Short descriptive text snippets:
BEGIN

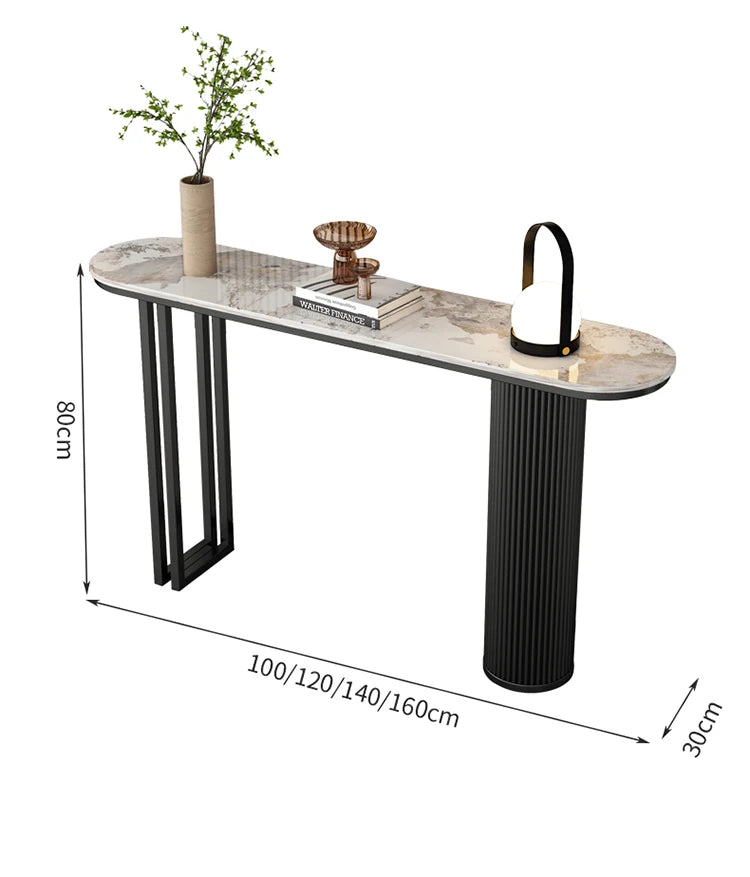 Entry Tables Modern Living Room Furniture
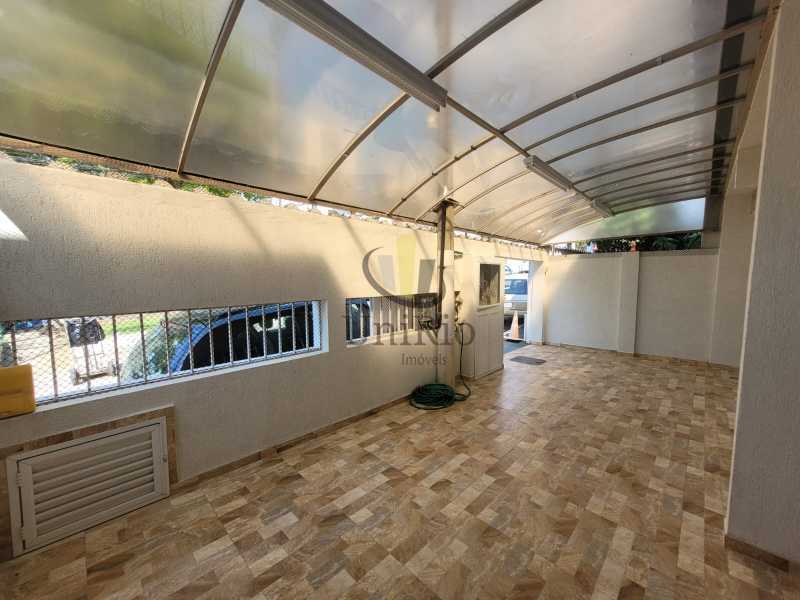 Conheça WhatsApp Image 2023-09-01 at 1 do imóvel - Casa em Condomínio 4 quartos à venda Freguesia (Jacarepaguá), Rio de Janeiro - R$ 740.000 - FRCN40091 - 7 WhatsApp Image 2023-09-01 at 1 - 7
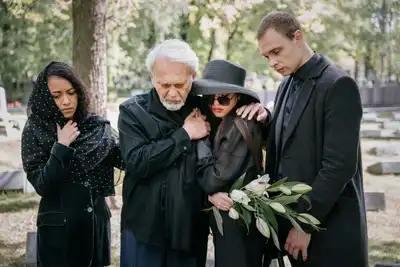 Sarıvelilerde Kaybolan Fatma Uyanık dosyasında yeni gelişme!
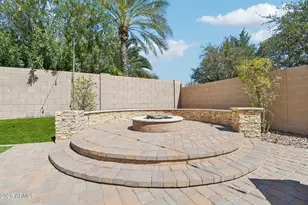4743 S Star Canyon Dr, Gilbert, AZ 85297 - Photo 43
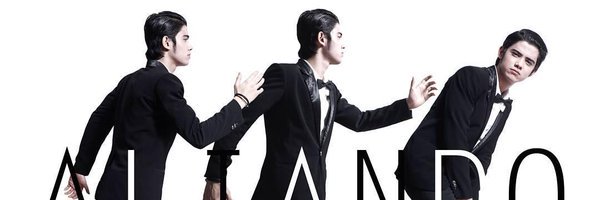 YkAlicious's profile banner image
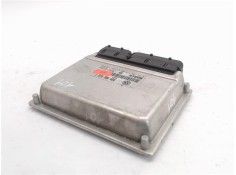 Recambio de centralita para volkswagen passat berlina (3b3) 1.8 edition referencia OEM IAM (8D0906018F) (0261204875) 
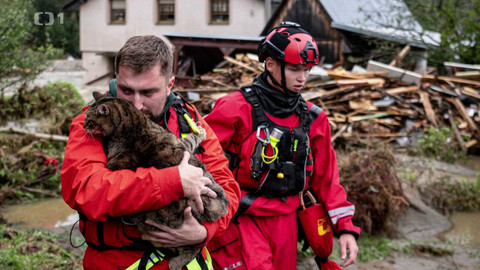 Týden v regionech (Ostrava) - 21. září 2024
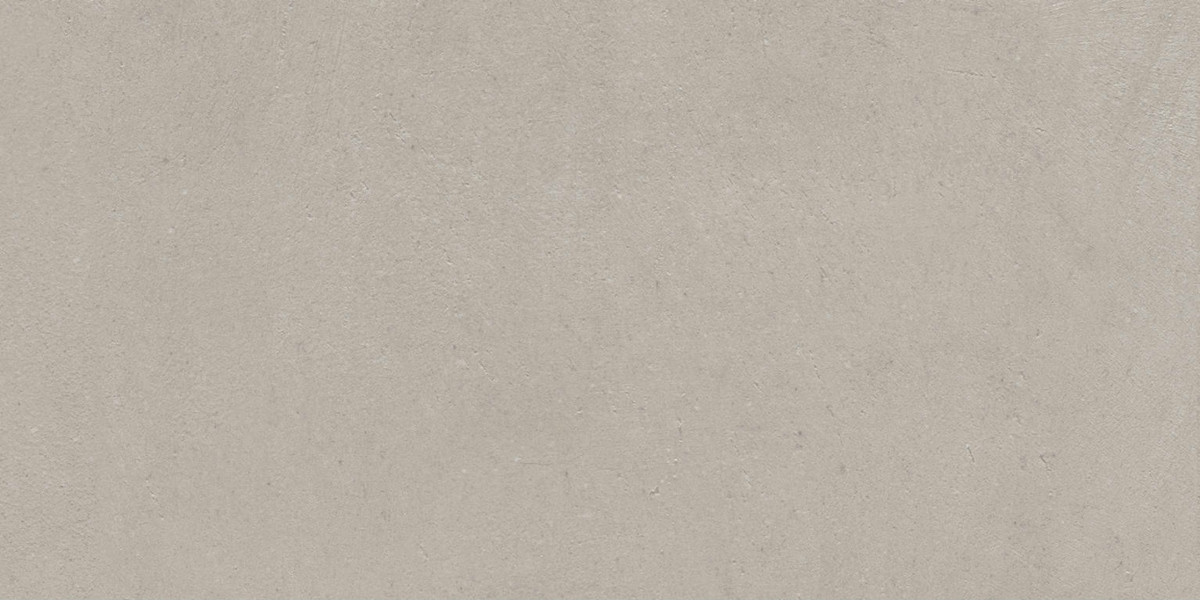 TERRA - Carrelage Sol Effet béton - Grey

END

Could the entries above be written out word for word, pictures excluded?

▶ _Answer box_:
 Entry Tables Modern Living Room Furniture
 Conheça WhatsApp Image 2023-09-01 at 1 do imóvel - Casa em Condomínio 4 quartos à venda Freguesia (Jacarepaguá), Rio de Janeiro - R$ 740.000 - FRCN40091 - 7 WhatsApp Image 2023-09-01 at 1 - 7
 Sarıvelilerde Kaybolan Fatma Uyanık dosyasında yeni gelişme!
4743 S Star Canyon Dr, Gilbert, AZ 85297 - Photo 43
 YkAlicious's profile banner image
 Recambio de centralita para volkswagen passat berlina (3b3) 1.8 edition referencia OEM IAM (8D0906018F) (0261204875) 
 Týden v regionech (Ostrava) - 21. září 2024
 TERRA - Carrelage Sol Effet béton - Grey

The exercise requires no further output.